Located less than 10 miles from the school is the village of Kalkaska, which has been home to the National Trout Festival since 1931. The festival is so beloved by the local community that schools even close for the day to allow students to participate in the annual spring celebration. A giant, 17-foot-long brook trout statue stands downtown as a reminder of the event for the remainder of the year.
“Teaching in a one-room schoolhouse means you really get to know your kids,” Karie Saxton, the third and fourth grade teacher for Crawford School, said. “I knew I had a lot of kids who loved the outdoors, and even though I don’t know a lot about fishing, I knew I could find some people who could help me.”

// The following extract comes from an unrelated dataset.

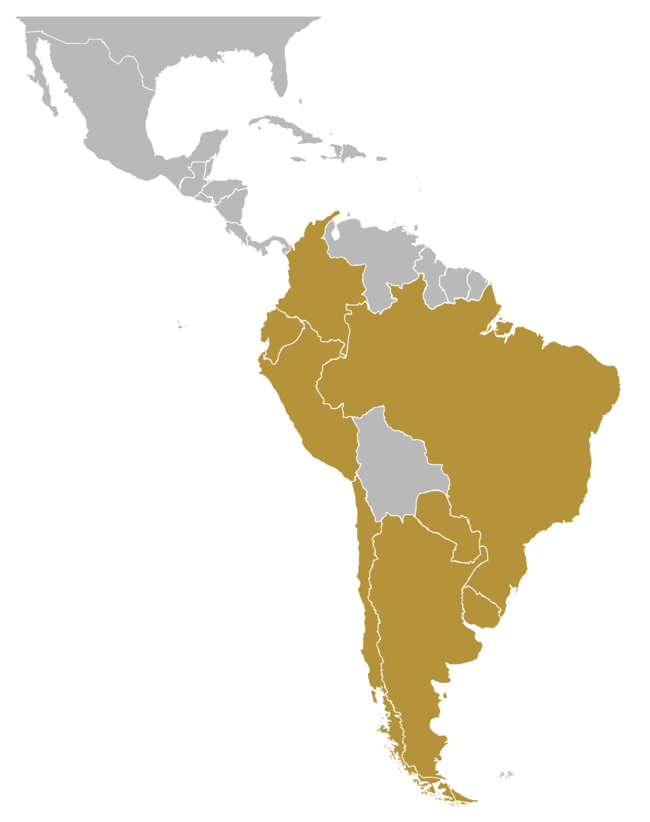 Copa de Campeones de América 1963 está ubicado en América del Sur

The students’ curiosity and passion for fish floated to the surface during a Nature Awaits field trip to the Carl T. Johnson Hunting and Fishing Center in nearby Cadillac, when the students explored a state park on a guided hike with an educator from the Michigan Department of Natural Resources.
While on the field trip, the students studied species found in inland lakes, discussed food webs and watched as fish darted through the nearby canal.

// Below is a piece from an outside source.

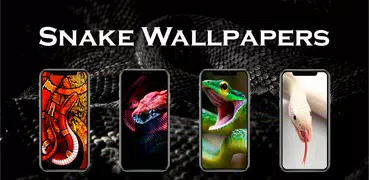 Snake Wallpapers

Once students were back in the classroom, the essential question took center stage: how do we design lures that can catch fish and attract potential customers?
Framed as an economics lesson, the project led students to spend several weeks brainstorming, planning and eventually rotating through a series of hands-on stations with additional help from local community members and staff from the DNR and the MiSTEM Learning Network.
Without even realizing it, the students achieved state curriculum standards in science, math, English and art – all through the familiar lens of fishing.

At one station, they learned to assemble crawler harnesses, a trailing rig designed to spin with hooks and beads to attract fish like walleye. At another, they learned to build perch rigs, a multi-hook lure that sinks and uses live bait to catch panfish.
Once each lure was completed, the students would carefully calculate the cost of constructing it and price it accordingly.
Nearby at the marketing station, students designed packaging for the lures and a display for their booth at an upcoming craft sale, while another station introduced students to gyotaku, a traditional Japanese art style. At that station, students used realistic rubber fish as stamps to create detailed prints of different species, which allowed them to learn fish anatomy and build their observation skills.
During the project, students were not forced to stay quietly confined to desks or to work only within the lines of a worksheet. Instead, they learned by tying clinch knots with their own small hands, by passionately debating the merits of catching bluegill versus perch with their fellow classmates and by relying on the northern Michigan community firmly rooted around them.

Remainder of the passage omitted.